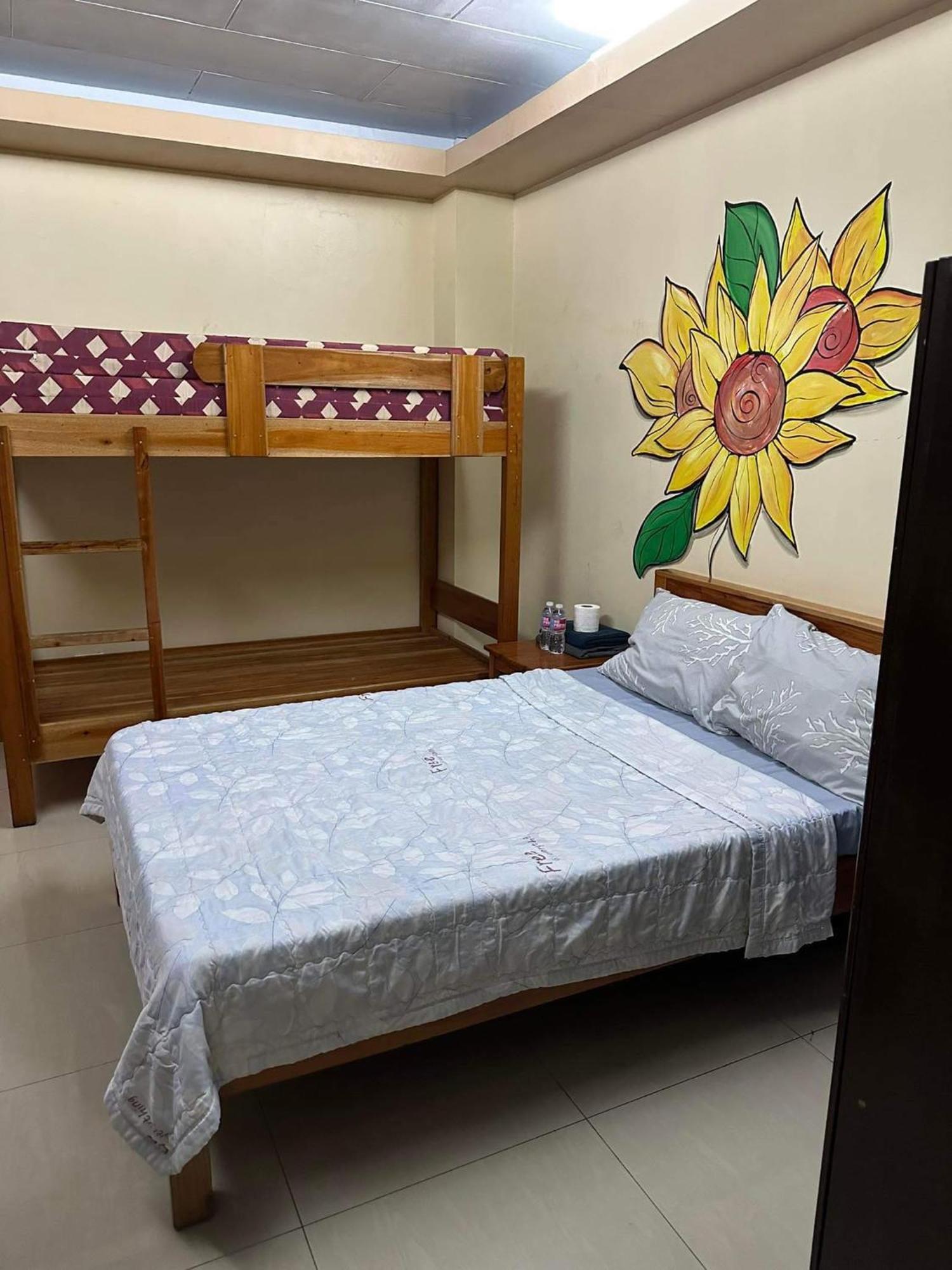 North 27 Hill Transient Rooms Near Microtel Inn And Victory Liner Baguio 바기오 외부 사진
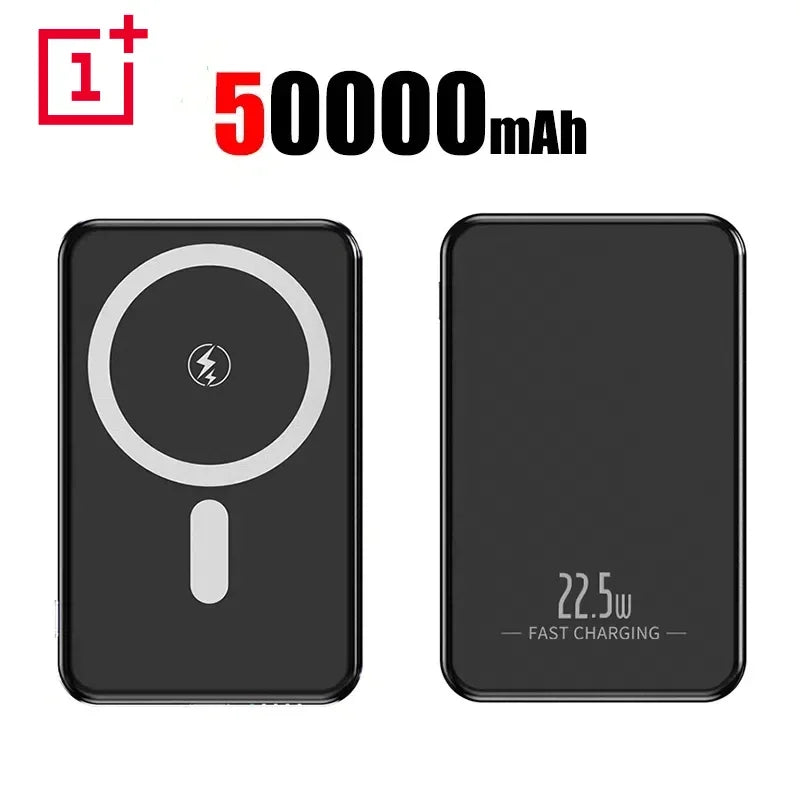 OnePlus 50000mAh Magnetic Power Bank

-=-=-

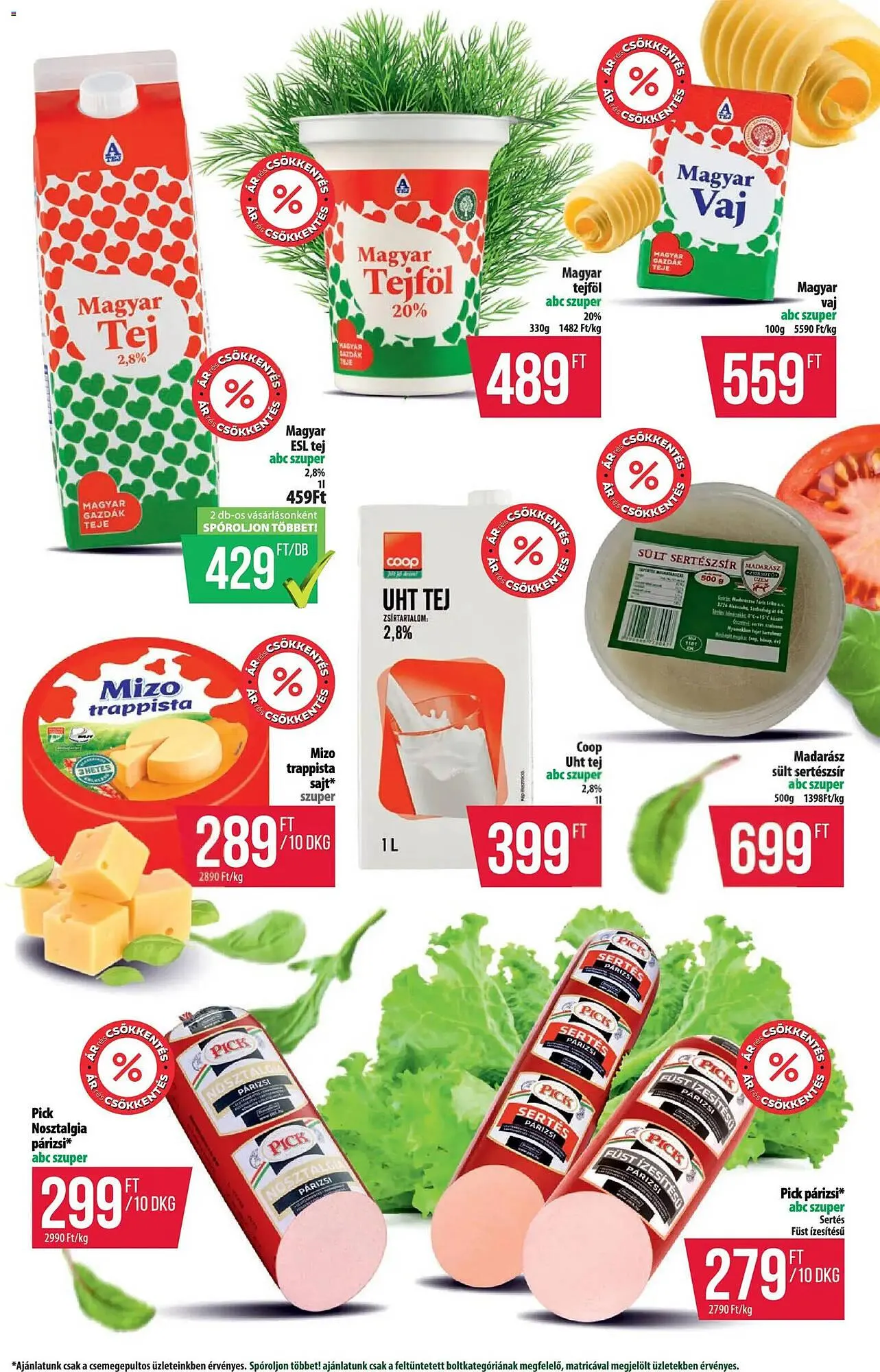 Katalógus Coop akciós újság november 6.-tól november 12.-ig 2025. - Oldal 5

-=-=-

- **TASK PROMPT**: The copy should hold exactly the lines above from the one with "North 27 Hill" through the one with "OnePlus 50000mAh Magnetic Power Bank", both ends counted, and no pictures at all.

- **EXERCISE RESPONSE**:
 North 27 Hill Transient Rooms Near Microtel Inn And Victory Liner Baguio 바기오 외부 사진
 OnePlus 50000mAh Magnetic Power Bank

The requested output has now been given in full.